Verbatim transcription of the listing is needed.
GIVEN DATA START
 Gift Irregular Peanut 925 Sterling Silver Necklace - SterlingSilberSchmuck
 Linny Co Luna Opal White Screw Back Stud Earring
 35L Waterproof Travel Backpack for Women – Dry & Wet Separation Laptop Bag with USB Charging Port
GIVEN DATA END
**WRITTEN ANSWER:**
 Gift Irregular Peanut 925 Sterling Silver Necklace - SterlingSilberSchmuck
 Linny Co Luna Opal White Screw Back Stud Earring
 35L Waterproof Travel Backpack for Women – Dry & Wet Separation Laptop Bag with USB Charging Port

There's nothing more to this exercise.